Kezie Apps, Caitlan Johnston, Olivia Higgins and Millie Elliott at the unveiling of the NSW team.

Kezie Apps, Caitlan Johnston, Olivia Higgins and Millie Elliott at the unveiling of the NSW team.Credit: Getty

As Paul Kelly so beautifully told us, from little things big things grow. So it is with women’s rugby league.

On Thursday night, Apps and her Sky Blues teammates run onto Suncorp Stadium for the first of three State of Origin matches against Queensland. It’s the first time a three-match series is being contested and a crowd of more than 25,000 is expected.

“People are coming to watch us play,” Apps says. “Even I forget that people are buying tickets to watch us, not as a curtain-raiser for some other game.”

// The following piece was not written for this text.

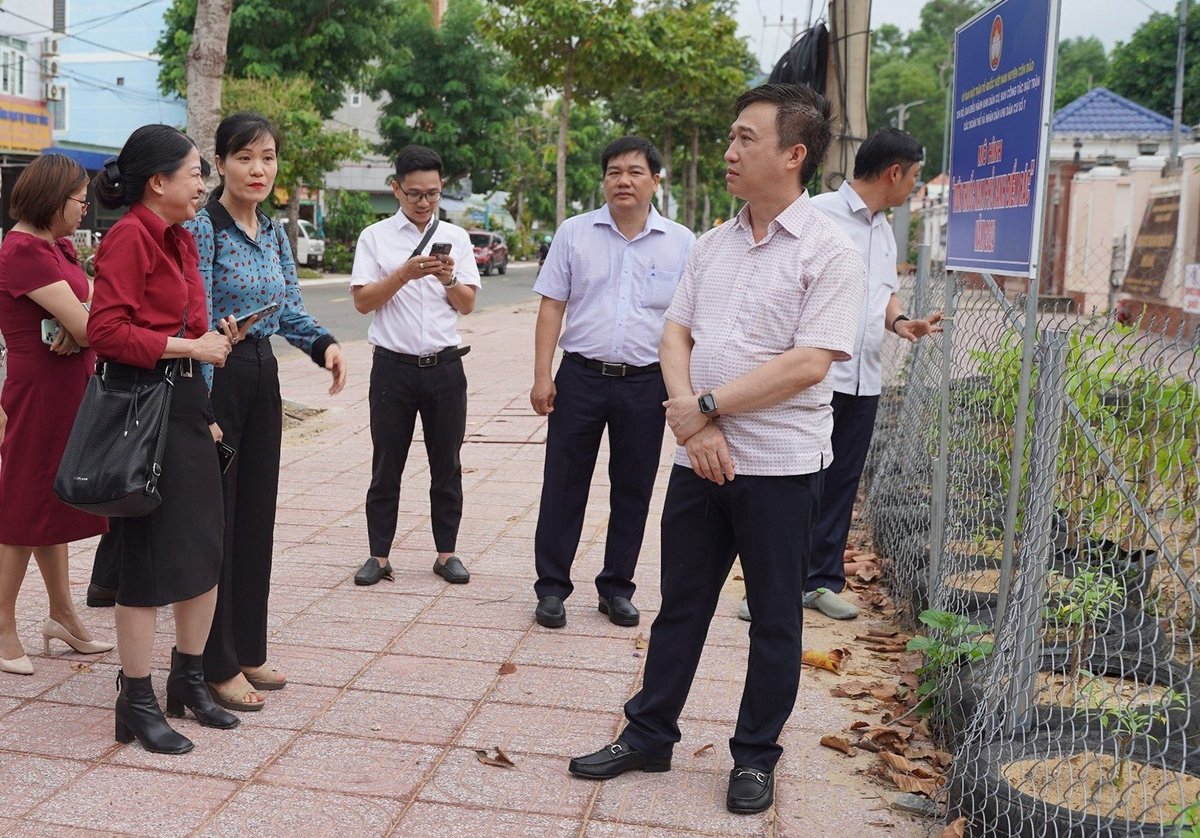 Phó Bí thư Thành ủy TP.HCM Đặng Minh Thông (bìa phải) khi còn làm Phó Chủ tịch UBND tỉnh Bà Rịa - Vũng Tàu đánh giá cao hiệu quả mô hình Vườn thuốc Nam phủ xanh điểm rác. Ảnh: Diễm Quỳnh.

Ruan Sims, a pioneer of the women’s game who is on the NSW coaching staff, offers this: “The game has taken leaps forward in such a short period of time. Any investment that is made in the women’s game, is repaid seven-fold with the quality of the product. The more we put in, the better it will get.”

Isabelle Kelly takes on the Maroons defence in the 2023 series.

Isabelle Kelly takes on the Maroons defence in the 2023 series.Credit: Getty

Women’s rugby league has been played since 1921, with the first official interstate match played in 1999, before the matches fell under the State of Origin banner in 2018.

The NRL became a little too cute last year when it decided to expand the series to two matches.

When the sides went into camp for game one, players were told the series winner would be determined by aggregate scores if each state won a match.

After the Maroons won the first match 18-10, the Sky Blues needed to win by nine or more in the second match in Townsville to claim the shield. They won 18-14 — but lost the series.

“Last year was pretty much a joke,” Apps says. “I don’t know what they were thinking. It was so bizarre. Both teams were deflated at the end. I’m actually glad it happened because it created such an uproar around three games. If either side had won two, it wouldn’t have been brought up.”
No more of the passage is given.